Hal yang jadi penting diperhatikan adalah tempat di mana menggunakan bahasa daerah itu. Jangan sampai, karena asyik berkomunikasi dengan bahasa daerah, malah bikin orang lain enggak nyaman. Contohnya, aku pernah ikut kumpul dengan teman-temanku yang enggak menggunakan bahasa daerah yang sama denganku. Lalu, mereka menggunakan bahasa daerah mereka. Risi juga sih, aku kan enggak ngerti, jadi malah ngerasa dicuekin.
Lebih Nyaman
Afifah Wahda Tyas Pramudita, Jurusan Pendidikan Psikologi Universitas Negeri Malang
Sehari-hari, saya terbiasa berkomunikasi menggunakan bahasa Jawa.
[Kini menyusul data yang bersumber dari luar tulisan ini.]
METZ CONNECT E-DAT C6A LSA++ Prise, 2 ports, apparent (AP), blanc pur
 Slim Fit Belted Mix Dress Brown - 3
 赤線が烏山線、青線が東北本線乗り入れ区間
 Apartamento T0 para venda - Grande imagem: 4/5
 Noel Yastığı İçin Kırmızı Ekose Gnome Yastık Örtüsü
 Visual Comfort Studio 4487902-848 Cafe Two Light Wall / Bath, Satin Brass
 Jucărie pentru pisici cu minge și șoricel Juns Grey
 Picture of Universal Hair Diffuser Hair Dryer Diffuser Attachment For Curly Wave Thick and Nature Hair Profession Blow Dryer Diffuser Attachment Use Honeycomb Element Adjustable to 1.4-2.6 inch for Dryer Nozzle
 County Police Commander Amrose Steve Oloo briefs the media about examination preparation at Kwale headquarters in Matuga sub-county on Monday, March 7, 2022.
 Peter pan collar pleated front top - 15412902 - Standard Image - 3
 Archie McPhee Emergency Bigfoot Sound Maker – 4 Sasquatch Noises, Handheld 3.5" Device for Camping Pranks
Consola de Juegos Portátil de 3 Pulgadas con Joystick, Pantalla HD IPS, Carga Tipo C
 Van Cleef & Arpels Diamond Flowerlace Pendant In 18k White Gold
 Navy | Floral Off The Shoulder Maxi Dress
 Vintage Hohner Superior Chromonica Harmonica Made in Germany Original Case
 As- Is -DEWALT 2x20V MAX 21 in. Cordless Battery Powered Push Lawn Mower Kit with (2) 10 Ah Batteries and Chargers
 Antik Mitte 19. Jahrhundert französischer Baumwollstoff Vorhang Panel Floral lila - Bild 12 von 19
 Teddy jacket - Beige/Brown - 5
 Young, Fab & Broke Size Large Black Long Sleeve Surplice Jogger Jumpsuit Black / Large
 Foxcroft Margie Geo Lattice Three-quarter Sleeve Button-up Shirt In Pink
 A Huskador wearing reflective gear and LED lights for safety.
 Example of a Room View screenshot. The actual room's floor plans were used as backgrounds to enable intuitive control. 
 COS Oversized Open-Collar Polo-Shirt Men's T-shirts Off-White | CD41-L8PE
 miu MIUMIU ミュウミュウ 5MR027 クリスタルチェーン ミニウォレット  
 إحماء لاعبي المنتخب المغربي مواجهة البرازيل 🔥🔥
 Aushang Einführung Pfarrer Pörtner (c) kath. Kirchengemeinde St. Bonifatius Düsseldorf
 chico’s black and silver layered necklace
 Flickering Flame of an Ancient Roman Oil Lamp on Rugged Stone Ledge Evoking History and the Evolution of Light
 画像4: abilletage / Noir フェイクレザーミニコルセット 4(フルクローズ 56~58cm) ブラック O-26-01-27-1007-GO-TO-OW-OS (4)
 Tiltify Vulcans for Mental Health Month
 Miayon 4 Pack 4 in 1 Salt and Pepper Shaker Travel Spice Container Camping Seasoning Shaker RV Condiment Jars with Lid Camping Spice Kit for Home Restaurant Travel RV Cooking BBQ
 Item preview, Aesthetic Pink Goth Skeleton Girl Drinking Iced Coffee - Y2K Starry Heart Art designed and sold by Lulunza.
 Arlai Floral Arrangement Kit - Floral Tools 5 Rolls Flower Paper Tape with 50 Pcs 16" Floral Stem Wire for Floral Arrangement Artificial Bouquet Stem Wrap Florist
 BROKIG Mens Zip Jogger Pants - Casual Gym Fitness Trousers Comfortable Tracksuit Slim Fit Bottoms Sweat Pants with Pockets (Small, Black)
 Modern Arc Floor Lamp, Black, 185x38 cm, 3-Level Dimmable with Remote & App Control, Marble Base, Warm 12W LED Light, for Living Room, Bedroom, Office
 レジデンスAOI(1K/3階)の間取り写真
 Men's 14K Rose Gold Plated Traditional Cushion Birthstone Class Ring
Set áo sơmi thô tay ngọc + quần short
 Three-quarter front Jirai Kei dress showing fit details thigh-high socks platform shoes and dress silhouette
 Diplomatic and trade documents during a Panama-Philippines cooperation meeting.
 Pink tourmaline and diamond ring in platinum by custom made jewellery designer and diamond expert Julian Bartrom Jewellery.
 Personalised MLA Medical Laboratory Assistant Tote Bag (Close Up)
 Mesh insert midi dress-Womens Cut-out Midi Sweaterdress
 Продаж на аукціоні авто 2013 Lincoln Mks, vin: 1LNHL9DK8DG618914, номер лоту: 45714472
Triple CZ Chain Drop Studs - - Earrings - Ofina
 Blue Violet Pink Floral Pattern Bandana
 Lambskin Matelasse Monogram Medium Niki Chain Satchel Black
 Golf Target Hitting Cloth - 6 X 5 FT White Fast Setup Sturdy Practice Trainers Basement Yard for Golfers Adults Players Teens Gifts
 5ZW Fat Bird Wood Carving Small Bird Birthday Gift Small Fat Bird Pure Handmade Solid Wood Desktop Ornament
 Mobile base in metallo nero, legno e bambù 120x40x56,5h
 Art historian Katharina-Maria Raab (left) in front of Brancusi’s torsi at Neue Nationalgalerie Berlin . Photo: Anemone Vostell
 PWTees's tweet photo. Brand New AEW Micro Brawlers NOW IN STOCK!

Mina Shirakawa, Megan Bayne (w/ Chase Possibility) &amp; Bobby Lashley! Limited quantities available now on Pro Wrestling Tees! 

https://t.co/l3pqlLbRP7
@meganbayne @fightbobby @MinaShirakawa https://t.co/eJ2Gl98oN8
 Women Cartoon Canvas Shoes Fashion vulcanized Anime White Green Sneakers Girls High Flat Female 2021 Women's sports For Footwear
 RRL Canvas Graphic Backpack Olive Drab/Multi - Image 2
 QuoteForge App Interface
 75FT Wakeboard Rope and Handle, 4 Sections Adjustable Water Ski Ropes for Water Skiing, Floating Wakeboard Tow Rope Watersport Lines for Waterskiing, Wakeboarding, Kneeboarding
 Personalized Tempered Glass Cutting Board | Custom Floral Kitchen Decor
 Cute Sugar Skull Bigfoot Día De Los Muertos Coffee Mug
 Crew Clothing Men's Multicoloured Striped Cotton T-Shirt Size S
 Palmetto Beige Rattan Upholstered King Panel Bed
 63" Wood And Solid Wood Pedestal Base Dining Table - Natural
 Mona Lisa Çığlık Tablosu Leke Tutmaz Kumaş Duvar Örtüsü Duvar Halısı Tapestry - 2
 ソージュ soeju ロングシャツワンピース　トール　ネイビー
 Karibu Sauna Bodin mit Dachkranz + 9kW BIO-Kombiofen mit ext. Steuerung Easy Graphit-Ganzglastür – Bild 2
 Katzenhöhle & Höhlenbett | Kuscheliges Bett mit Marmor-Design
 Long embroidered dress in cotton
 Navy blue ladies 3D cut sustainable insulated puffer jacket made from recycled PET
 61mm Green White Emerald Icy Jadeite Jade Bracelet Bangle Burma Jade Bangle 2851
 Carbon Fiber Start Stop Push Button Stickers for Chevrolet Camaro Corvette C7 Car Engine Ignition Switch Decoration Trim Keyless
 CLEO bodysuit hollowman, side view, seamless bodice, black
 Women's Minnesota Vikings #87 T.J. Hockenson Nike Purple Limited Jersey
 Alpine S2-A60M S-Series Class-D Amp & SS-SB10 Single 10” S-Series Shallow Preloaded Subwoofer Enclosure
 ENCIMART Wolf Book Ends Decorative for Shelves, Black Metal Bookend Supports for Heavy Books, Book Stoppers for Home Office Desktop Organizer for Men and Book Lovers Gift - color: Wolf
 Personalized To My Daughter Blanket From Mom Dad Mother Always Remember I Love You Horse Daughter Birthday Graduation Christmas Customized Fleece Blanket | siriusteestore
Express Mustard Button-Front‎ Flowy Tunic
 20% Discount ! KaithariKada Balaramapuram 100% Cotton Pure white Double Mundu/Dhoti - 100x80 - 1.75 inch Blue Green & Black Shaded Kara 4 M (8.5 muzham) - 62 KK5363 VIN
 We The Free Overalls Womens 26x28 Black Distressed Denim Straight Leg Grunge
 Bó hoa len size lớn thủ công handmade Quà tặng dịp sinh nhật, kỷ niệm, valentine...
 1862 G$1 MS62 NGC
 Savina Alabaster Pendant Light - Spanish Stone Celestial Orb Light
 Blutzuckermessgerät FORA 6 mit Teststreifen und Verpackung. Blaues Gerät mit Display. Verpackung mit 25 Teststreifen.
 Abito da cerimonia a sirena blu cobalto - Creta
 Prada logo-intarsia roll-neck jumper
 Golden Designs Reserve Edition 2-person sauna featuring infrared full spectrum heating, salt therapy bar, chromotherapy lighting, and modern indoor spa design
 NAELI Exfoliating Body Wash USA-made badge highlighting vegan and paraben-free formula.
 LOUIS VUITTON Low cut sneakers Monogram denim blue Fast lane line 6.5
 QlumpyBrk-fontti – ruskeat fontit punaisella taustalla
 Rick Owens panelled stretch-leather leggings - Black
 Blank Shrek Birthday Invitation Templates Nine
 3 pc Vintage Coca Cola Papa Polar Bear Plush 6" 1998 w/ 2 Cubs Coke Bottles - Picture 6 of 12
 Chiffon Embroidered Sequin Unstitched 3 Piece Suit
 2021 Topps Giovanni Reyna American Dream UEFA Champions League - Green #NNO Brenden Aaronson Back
Selain membuat saya nyaman, hal itu juga merupakan ciri khas yang tak bisa saya tinggalkan, baik bahasanya maupun dialek yang digunakan.
Kalau bertemu dengan orang baru, awalnya berniat berbahasa Indonesia, jadinya malah campuran dengan bahasa Jawa. Selalu ada kata-kata bahasa Jawa yang terselipkan, misalnya yang tak bisa ditinggalkan ketika menyapa bukan mengatakan ”silakan”, melainkan ”monggo”.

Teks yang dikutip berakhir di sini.